Monday, June 17, 2013

Alfalfa Pest Control: Celebrate the 50th Anniversary of a BPM That’s Still Good as Gold

With summer around the corner, alfalfa farmers are already in the middle of their third cutting of the season. This is an important pest management milestone for cotton.
A grower leaves a strip of uncut alfalfa to create a habitat
 for pests and help keep them out of a nearby cotton field.

That’s right. And if alfalfa growers have listened to their neighboring cotton growers and University of California IPM advisors as well as our field scout Carlos Silva, they will be leaving strips of uncut alfalfa in the fields.

Lygus is a big threat to cotton plants.
We talked about the importance this practice three weeks ago.
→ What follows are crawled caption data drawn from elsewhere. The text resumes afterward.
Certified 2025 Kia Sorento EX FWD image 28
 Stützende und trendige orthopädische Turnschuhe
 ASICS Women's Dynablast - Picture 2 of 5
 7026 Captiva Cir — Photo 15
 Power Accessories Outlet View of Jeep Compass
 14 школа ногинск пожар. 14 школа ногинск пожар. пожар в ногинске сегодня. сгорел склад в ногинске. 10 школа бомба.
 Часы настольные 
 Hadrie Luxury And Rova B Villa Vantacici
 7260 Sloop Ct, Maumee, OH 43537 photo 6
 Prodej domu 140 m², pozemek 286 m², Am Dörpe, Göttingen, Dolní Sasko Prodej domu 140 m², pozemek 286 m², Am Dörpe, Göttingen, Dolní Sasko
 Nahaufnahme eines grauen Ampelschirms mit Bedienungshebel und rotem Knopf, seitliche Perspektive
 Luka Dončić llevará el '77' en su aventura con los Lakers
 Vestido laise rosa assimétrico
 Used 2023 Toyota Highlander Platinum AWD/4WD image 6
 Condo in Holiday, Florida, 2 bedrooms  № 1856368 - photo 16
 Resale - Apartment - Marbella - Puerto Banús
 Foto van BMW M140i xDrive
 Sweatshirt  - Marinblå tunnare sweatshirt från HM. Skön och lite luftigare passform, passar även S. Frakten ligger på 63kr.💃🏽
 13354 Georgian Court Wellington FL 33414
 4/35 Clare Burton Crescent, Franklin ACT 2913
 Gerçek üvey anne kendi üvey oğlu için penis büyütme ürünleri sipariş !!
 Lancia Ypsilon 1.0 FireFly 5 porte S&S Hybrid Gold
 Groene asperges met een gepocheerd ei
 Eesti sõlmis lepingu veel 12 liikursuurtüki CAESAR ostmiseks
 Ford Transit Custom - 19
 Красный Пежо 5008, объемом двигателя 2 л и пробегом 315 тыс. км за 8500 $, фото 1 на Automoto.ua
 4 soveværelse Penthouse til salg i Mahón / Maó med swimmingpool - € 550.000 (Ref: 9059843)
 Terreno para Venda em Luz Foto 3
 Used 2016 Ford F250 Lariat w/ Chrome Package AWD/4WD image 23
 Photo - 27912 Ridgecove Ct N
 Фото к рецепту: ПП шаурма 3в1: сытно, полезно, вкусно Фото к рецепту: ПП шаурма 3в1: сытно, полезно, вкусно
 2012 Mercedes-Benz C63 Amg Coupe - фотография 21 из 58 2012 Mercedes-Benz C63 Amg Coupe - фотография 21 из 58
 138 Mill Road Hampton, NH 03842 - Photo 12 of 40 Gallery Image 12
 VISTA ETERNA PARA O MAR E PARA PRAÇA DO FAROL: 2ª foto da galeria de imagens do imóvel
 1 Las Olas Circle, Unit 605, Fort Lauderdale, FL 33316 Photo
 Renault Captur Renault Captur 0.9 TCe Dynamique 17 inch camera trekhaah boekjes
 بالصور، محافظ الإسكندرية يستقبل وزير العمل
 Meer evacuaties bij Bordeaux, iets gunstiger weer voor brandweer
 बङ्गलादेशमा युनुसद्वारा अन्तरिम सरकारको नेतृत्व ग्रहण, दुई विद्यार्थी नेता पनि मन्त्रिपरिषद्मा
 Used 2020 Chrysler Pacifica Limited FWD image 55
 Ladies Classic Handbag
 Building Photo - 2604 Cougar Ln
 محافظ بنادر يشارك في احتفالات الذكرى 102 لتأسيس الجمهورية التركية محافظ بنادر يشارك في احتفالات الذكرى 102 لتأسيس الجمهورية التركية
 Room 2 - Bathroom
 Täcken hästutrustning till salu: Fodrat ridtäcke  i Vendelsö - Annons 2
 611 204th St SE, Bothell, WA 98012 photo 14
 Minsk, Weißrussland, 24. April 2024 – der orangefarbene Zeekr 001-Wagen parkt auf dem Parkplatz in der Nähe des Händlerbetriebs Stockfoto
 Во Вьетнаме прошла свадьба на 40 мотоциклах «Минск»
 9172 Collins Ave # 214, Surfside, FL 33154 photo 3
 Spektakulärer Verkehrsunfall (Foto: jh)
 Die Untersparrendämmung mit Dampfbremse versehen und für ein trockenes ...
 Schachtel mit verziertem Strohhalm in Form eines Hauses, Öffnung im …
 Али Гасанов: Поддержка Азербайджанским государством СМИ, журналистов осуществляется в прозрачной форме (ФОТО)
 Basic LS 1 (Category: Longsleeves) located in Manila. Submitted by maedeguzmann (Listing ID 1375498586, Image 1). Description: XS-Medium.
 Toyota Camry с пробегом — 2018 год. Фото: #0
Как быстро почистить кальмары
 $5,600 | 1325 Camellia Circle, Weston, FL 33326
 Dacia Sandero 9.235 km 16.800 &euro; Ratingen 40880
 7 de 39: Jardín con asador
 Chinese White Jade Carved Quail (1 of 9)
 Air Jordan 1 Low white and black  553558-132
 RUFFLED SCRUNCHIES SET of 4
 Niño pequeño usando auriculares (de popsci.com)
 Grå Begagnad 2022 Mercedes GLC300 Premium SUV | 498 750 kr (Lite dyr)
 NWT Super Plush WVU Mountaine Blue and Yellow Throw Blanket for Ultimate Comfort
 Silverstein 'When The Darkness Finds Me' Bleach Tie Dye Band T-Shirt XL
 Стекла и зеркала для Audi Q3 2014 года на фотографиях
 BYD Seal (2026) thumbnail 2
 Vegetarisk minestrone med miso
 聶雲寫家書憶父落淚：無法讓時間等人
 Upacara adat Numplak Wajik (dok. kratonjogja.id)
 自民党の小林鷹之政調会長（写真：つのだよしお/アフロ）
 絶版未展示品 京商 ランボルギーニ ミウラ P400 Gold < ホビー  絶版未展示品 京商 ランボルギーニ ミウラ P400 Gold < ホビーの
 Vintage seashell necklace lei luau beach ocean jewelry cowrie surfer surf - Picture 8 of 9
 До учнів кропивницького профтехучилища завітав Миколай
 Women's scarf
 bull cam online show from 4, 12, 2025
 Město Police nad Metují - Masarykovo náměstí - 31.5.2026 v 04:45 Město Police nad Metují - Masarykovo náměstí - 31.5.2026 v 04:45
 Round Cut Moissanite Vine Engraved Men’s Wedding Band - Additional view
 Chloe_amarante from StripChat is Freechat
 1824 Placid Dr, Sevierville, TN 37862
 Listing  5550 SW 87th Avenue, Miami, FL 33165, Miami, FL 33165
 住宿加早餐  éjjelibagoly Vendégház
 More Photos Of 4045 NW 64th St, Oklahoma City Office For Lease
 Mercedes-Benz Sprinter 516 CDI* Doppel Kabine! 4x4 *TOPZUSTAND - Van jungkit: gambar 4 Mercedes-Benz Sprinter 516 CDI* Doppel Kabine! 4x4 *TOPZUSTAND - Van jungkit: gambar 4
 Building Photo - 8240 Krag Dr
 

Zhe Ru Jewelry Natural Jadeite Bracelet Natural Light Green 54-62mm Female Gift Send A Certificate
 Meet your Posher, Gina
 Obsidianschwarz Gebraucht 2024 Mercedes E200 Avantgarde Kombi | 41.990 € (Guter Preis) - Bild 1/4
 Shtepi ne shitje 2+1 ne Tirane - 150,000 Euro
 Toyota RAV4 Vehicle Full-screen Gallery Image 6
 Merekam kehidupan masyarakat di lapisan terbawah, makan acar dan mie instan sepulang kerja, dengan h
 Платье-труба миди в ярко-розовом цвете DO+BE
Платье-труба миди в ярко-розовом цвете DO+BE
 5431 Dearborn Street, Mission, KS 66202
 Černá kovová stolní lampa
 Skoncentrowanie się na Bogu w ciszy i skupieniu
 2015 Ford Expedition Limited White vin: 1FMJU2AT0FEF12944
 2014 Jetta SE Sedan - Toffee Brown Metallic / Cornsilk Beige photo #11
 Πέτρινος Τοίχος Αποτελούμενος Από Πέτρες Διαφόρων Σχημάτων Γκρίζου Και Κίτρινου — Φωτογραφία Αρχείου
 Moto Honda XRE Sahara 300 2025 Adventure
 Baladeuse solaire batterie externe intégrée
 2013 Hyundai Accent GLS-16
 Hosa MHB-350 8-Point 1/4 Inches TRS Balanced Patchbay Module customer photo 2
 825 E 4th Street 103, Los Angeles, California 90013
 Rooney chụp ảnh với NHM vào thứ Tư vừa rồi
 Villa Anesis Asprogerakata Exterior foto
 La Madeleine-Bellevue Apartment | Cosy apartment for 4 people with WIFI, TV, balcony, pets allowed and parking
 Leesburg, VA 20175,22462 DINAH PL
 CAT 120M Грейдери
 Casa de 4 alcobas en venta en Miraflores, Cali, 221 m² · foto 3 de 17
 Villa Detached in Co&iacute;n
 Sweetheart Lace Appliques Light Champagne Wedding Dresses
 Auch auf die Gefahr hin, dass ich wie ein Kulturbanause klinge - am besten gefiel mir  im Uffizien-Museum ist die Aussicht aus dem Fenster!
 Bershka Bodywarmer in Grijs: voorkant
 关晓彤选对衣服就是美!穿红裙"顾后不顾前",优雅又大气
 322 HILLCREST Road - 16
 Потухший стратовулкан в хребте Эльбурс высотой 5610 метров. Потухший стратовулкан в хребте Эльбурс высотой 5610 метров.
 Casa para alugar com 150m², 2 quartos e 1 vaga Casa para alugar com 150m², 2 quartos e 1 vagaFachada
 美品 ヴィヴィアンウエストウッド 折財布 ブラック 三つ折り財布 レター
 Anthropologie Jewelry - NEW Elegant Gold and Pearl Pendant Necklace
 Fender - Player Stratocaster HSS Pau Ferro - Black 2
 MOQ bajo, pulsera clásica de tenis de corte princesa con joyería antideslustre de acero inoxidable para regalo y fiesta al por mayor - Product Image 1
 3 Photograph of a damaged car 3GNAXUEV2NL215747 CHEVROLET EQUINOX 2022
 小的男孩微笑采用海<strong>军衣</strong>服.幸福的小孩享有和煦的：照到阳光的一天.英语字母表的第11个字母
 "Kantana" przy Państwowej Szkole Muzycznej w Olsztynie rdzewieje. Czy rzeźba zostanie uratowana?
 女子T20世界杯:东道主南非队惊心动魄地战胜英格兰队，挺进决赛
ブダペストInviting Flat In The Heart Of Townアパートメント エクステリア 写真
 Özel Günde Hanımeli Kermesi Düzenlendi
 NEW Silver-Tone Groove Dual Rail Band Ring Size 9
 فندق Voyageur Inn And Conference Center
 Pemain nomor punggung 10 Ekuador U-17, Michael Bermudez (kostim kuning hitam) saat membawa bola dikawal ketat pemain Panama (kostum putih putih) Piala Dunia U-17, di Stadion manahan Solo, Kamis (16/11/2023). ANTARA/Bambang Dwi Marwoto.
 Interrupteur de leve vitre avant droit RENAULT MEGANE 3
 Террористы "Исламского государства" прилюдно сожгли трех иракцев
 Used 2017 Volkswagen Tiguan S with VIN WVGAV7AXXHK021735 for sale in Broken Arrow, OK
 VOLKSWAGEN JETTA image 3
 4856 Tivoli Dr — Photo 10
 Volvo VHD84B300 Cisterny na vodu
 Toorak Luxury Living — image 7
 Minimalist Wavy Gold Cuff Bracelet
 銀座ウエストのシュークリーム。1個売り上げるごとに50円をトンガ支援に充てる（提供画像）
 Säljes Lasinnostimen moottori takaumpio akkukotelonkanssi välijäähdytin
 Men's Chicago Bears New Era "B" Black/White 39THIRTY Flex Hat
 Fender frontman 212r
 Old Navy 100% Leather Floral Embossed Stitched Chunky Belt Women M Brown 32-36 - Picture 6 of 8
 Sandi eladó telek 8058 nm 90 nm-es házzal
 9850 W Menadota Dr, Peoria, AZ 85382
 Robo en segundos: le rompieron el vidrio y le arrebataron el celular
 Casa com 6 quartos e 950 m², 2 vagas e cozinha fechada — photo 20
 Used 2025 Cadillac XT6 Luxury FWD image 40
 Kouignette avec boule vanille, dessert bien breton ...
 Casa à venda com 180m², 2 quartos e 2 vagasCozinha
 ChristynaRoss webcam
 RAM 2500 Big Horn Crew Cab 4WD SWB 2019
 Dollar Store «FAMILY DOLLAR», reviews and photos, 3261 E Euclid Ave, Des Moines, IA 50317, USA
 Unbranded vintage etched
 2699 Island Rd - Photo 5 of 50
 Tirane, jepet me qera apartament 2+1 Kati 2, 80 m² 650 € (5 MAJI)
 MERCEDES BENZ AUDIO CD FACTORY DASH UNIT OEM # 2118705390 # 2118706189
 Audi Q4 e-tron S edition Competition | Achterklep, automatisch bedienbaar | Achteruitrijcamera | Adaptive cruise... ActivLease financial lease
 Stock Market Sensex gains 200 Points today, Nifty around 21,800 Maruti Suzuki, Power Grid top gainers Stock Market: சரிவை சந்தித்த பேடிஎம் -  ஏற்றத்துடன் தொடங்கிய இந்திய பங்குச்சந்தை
If you forgot, here’s a quick summary: Leaving strips of alfalfa creates a habit to attract natural predators as well as pests, including lygus, a serious pest threat in cotton.

Here’s what other UC ag experts say:

“Lygus can re­produce on a variety of wild and culti­vated plant species. However, in many areas alfalfa is the key breeding place and overwintering habitat. During favorable periods, lygus populations increase to great numbers in this crop.

“An important feature of the lygus prob­lem is that they are very rarely a pest of alfalfa hay. However, when the alfalfa is cut, the adults fly to adjoining crops and to prevent crop loss, chemical treat­ments are often necessary to suppress the invading pest.

“Since alfalfa is a key crop in California agriculture, it would be impossible to eliminate alfalfa as a means of reducing lygus populations. The problem then is how to stabilize the alfalfa hay environ­ment to prevent or lower the probability of lygus adults leaving the alfalfa habitat where they do little or no damage.”  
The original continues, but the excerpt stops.